#### [Instructions to follow]
Please give back only the lines below from the one containing "वगुवन–त्रिवेणी सडक खण्ड सरसफाइमा स्थानीय" to the one containing "Butterfly Conservatory Owl", each repeated word for word, both ends included.

Records to process Block Start

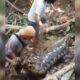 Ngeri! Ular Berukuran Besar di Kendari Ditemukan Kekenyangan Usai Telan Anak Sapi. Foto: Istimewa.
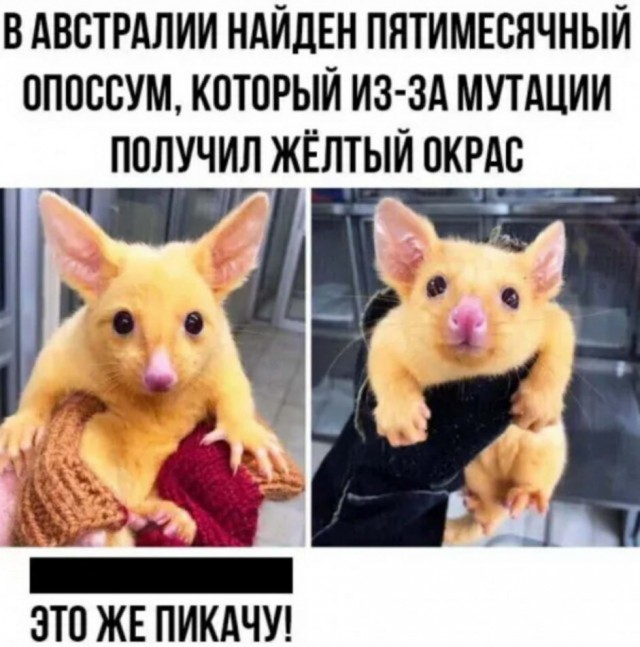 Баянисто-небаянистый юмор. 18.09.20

Records to process Block End
Records to process Block Start

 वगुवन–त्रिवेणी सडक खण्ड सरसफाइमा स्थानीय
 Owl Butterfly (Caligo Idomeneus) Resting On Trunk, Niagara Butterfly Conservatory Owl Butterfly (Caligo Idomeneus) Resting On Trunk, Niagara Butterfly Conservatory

Records to process Block End

#### [Answer to this problem]
 वगुवन–त्रिवेणी सडक खण्ड सरसफाइमा स्थानीय
 Owl Butterfly (Caligo Idomeneus) Resting On Trunk, Niagara Butterfly Conservatory Owl Butterfly (Caligo Idomeneus) Resting On Trunk, Niagara Butterfly Conservatory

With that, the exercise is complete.